Mid-Level LLM Engineer
Job Description:
We are an innovative AI products company building next-generation intelligent systems for real-world applications. As we continue to grow our research capabilities, we are seeking a Mid-Level LLM Engineer with a strong interest in model analysis, interpretability, and knowledge extraction to join our technical team.
In this role, you will focus primarily on research-driven development around Large Language Models, working closely with senior engineers and researchers. Your work will emphasize understanding model behavior, improving transparency, and developing methods to extract and structure knowledge from complex, unstructured data, while contributing to production-aware solutions when needed.
Responsibilities:
- Advanced Model Interpretability & Analysis
- Research and apply techniques for advanced model interpretability, including analysis of internal representations, reasoning patterns, and failure modes in LLMs.
- Investigate how knowledge is encoded, retrieved, and transformed within Transformer-based models.
- Knowledge Extraction
- Design and experiment with methods to extract structured, high-quality knowledge from LLMs and unstructured data sources.
- Support improved retrieval and reasoning through interpretability-informed insights.
- Data Analysis & Preparation
- Analyze and preprocess transactional, user, and merchant data for use in LLM-based research pipelines.
- Develop effective serialization strategies for heterogeneous data types.

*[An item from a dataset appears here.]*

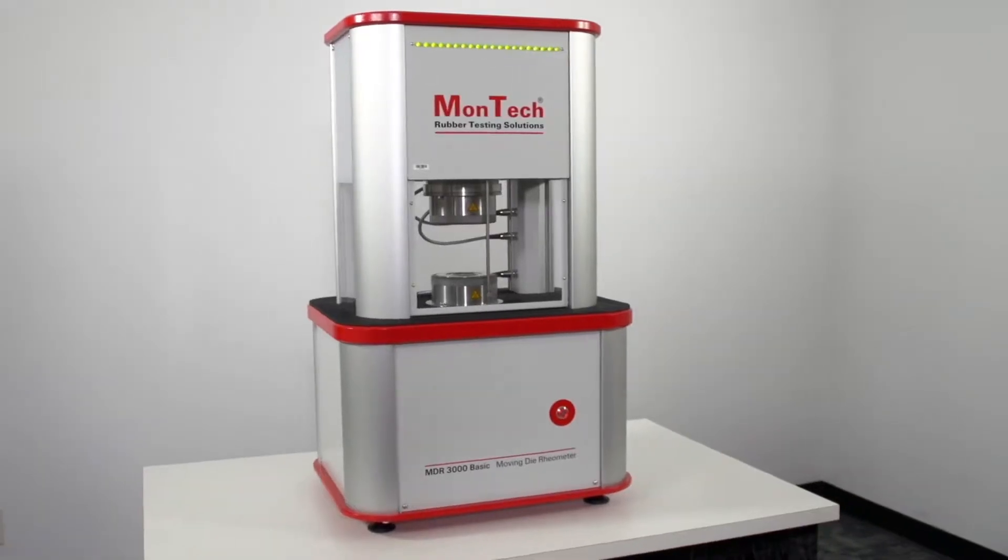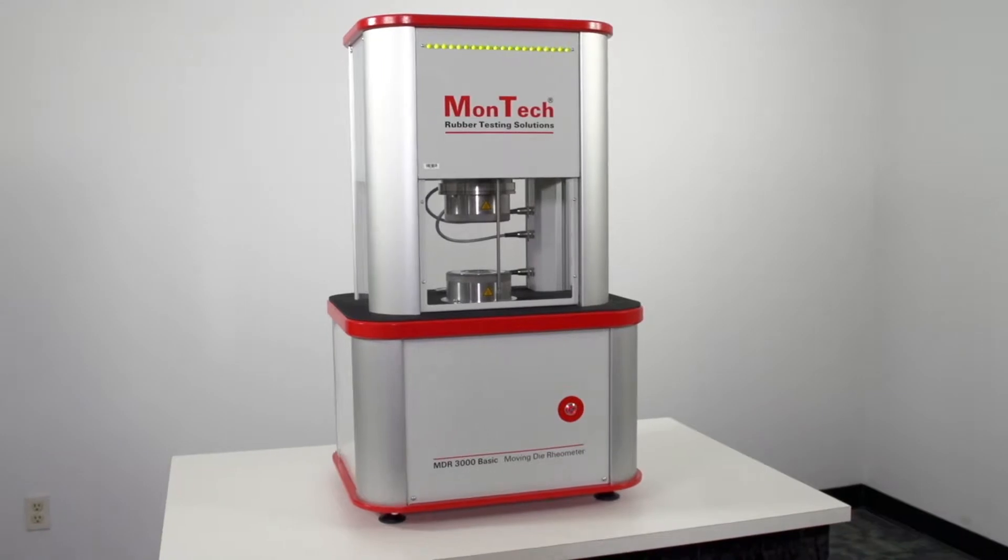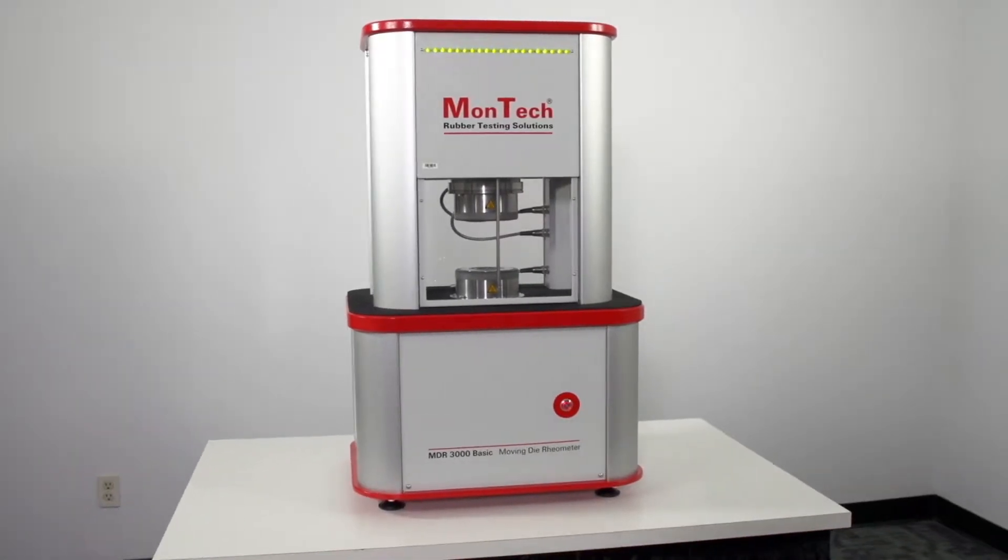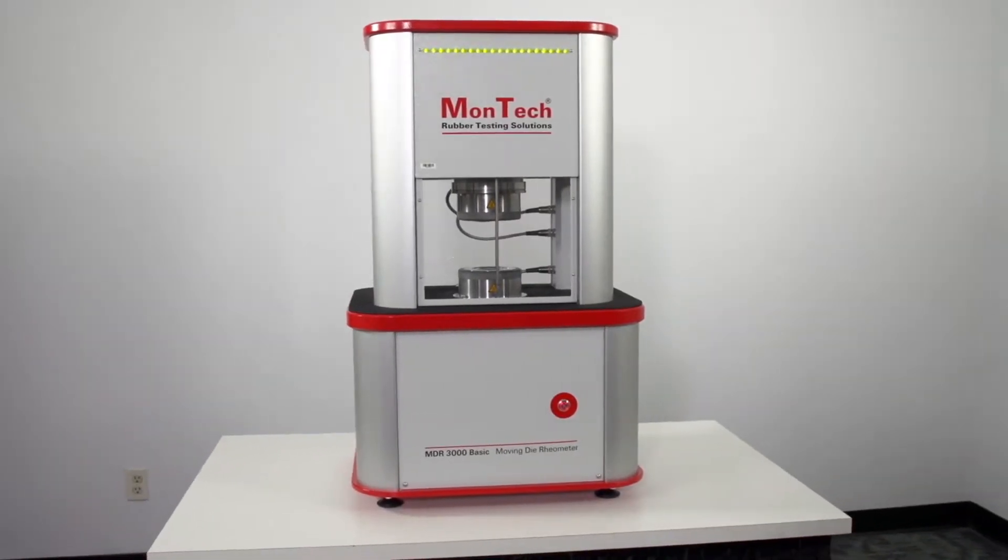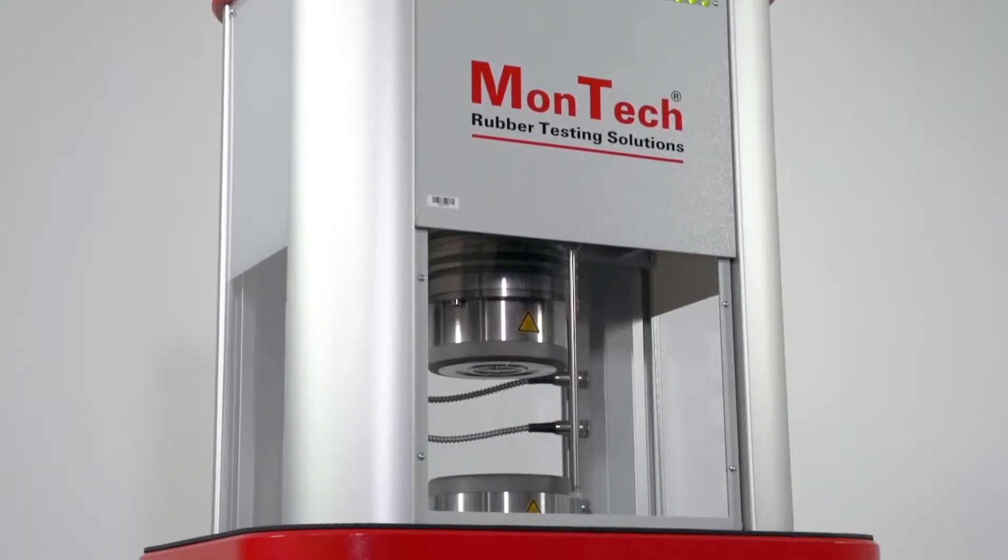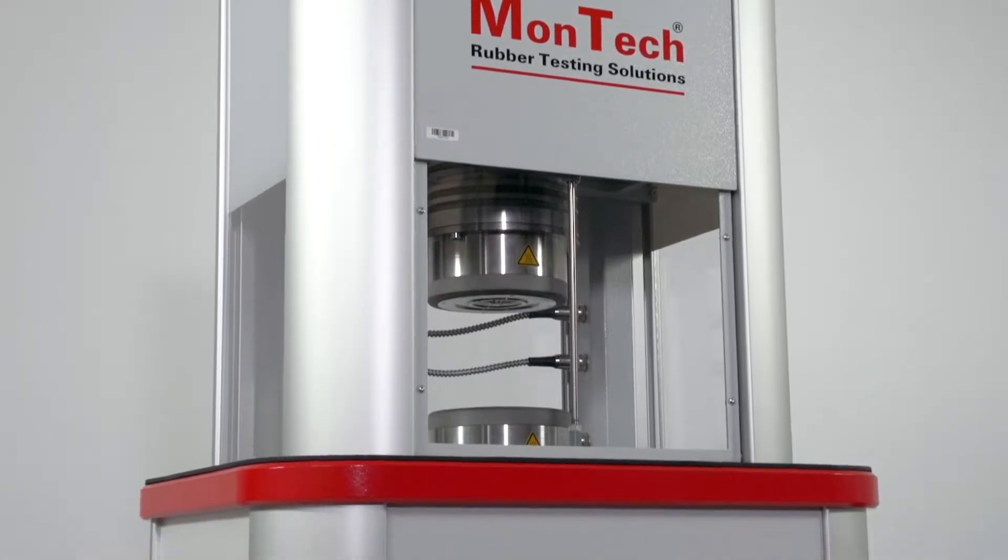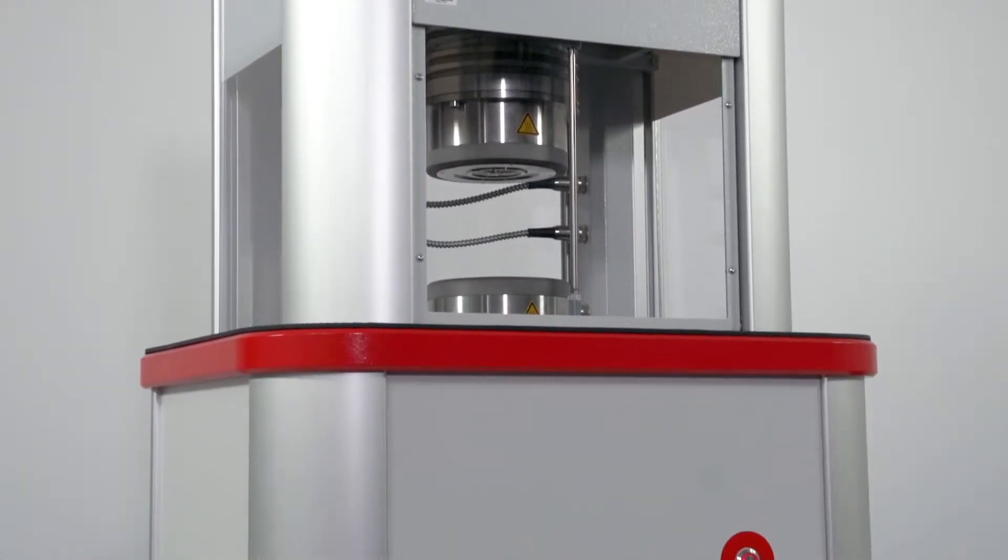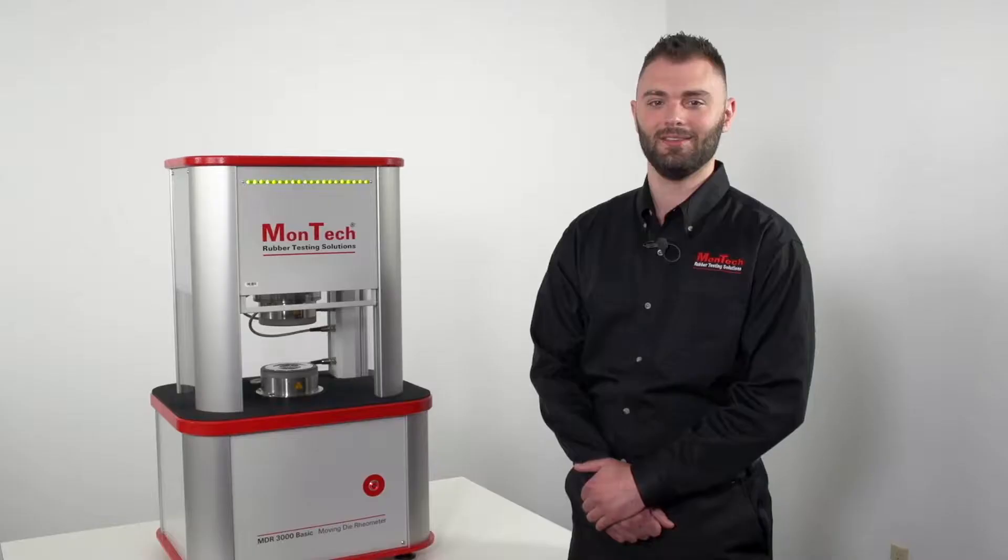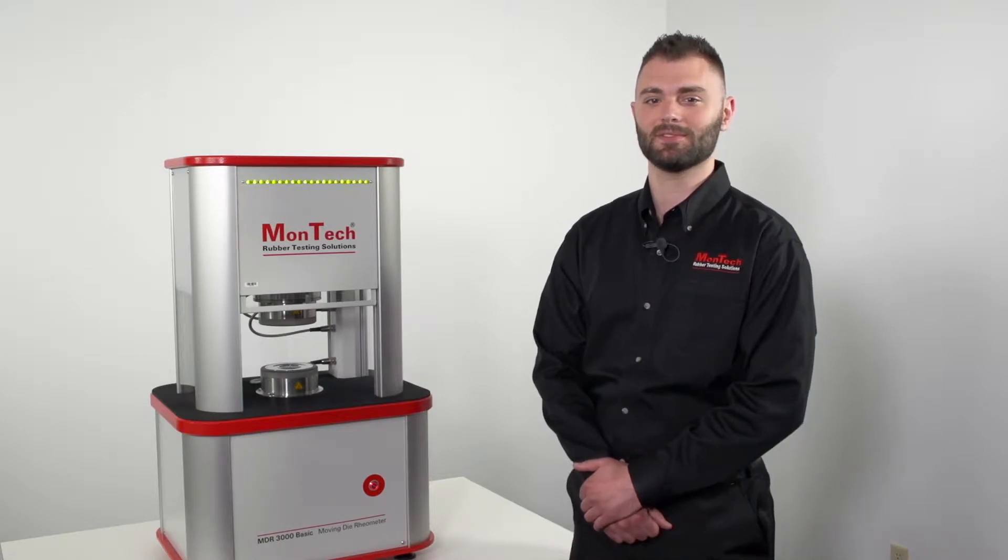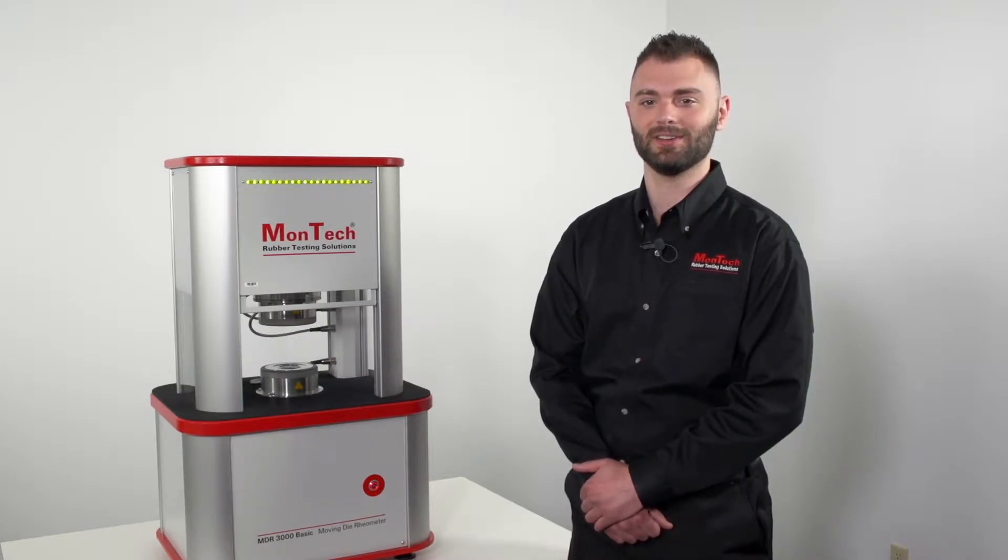The MonTech MDR3000 Basic Moving Die Rheometer provides the highest levels of precision and repeatability for measuring vulcanization properties of rubber and elastomeric compounds. The MDR3000 Basic performs essential tests for batch release or incoming compound verification.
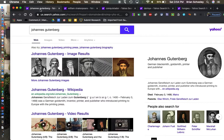It also allowed people to print things in their vernacular, or everyday language. So the Bible started getting printed in English, German, Latin, and Italian. These people started reading the Bible and seeing that the Catholic Church was not telling them exactly what the Bible says, and that led to the Protestant Reformation and creating a lot of the different things that we have today.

- Research-to-Production Collaboration.
- Collaborate with engineering teammates to translate research findings into practical system improvements.
- Contribute to experimentation, evaluation, and documentation of research outcomes.
- Model Optimization (Supportive Role)
- Assist with prompt engineering, fine-tuning experiments, and Retrieval-Augmented Generation (RAG) setups under guidance from senior team members.
- Help evaluate performance, robustness, and limitations of different approaches.
Required Skills & Qualifications:
- Solid understanding of Transformer architectures and modern LLM frameworks.
- Background in statistics, probability, and sampling methods.
- Python proficiency (comfortable writing research code and small production components).
- Experience working with machine learning experiments, evaluations, or research prototypes.
- Curiosity-driven mindset with the ability to reason about why models behave the way they do.
- Comfortable working independently on defined research tasks while collaborating within a small team.
- Clear communication skills for sharing research findings with both technical and non-technical stakeholders.
- Exposure to model interpretability, explainability, or analysis tooling.
- Familiarity with RAG pipelines or knowledge-intensive NLP tasks.